Namun sebesar apa pun niat dan desain program pemerintah, keberhasilan tetap bergantung pada bagaimana daerah dan masyarakat menyambutnya. Pemerintah daerah tak bisa pasif menunggu alokasi. Dunia usaha bisa ikut menciptakan ekosistem belajar yang aplikatif. Komunitas lokal bisa jadi mitra literasi. Bahkan universitas pun perlu terjun mendampingi sekolah-sekolah marginal sebagai bagian dari pengabdian yang berdampak nyata. Pendidikan bermutu bukan hasil satu institusi, melainkan sinergi semesta.
Di saat bersamaan, tantangan datang dari ruang yang tak kasatmata yaitu handphone (gawai) anak-anak. Ketika siswa bisa bermain game berjam-jam tapi kesulitan memahami bacaan, ada kesenjangan atensi yang harus diselesaikan. Upaya pemerintah untuk merancang regulasi pembatasan media sosial bagi anak-anak patut didukung, karena ini bukan semata soal larangan, tapi soal perlindungan masa depan. Jika tidak disertai edukasi digital yang merata, maka kebijakan bisa menjadi formalitas belaka.
Yang perlu dipastikan ke depan adalah bahwa Program Hasil Terbaik Cepat bukan menjadi kebijakan jangka pendek yang hanya ramai saat peresmian. Pendidikan tidak bisa dikerjakan dalam logika proyek. Butuh keberlanjutan. Guru-guru yang diberi insentif hari ini harus dilatih dan didampingi secara berkala. Sarana yang dibangun harus dijaga dengan anggaran pemeliharaan yang konsisten. Evaluasi program tidak boleh hanya berupa angka output, tapi mesti menilai seberapa besar perubahan dirasakan oleh murid dan guru di ruang kelas.

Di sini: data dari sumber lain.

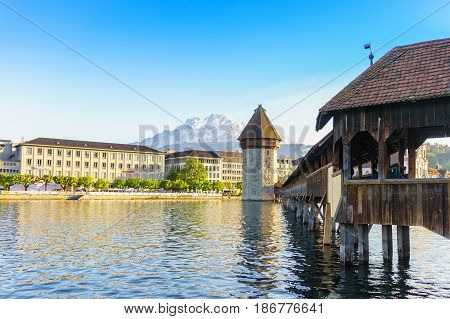 Lucerne Switzerland - April 30 2017: Historic city center of Lucerne with Famous Chapel bridge and Lake Lucerne on April 30 2017 in Lucerne Switzerland.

Sering kali kebijakan pendidikan dibicarakan tanpa melibatkan mereka yang menjalankan langsung yaitu para guru. Padahal guru bukan sekadar pelaksana kurikulum, mereka adalah penentu arah pengalaman belajar. Ketika guru terjebak dalam birokrasi, insentif yang tidak merata, dan kurangnya kesempatan peningkatan kapasitas, maka kebijakan sebesar apa pun akan kehilangan daya dorongnya. Maka untuk memastikan bahwa suara guru didengar dalam proses perencanaan hingga evaluasi kebijakan adalah prasyarat mutlak untuk pendidikan yang benar-benar bermutu.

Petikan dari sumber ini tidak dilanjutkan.